Stored dataset items
= = = = = = =

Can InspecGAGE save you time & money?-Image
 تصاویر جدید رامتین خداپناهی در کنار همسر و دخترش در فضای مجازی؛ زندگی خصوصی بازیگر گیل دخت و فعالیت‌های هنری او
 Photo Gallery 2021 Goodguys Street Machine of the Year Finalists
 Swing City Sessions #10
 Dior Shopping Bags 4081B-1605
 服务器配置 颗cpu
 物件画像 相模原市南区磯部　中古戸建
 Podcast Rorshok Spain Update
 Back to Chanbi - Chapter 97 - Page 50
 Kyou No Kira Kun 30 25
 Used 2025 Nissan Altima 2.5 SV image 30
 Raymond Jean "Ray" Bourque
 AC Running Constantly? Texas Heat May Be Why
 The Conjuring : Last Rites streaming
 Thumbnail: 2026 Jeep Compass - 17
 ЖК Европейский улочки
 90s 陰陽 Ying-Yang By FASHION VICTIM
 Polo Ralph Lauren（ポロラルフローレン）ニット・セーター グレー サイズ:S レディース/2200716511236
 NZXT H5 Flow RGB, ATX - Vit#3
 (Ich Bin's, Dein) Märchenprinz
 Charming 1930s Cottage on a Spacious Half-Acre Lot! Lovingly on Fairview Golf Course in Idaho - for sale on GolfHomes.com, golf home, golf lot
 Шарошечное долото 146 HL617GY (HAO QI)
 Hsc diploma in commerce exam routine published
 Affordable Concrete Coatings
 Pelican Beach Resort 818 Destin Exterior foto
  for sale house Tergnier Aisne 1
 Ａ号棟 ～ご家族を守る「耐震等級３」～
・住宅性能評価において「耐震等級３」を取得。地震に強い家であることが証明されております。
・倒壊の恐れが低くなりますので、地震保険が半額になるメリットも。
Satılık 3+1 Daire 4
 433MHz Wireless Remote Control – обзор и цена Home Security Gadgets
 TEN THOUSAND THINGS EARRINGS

= = = = = = =

Copy out every line from the data above in which the word "sale" occurs.

 Charming 1930s Cottage on a Spacious Half-Acre Lot! Lovingly on Fairview Golf Course in Idaho - for sale on GolfHomes.com, golf home, golf lot
  for sale house Tergnier Aisne 1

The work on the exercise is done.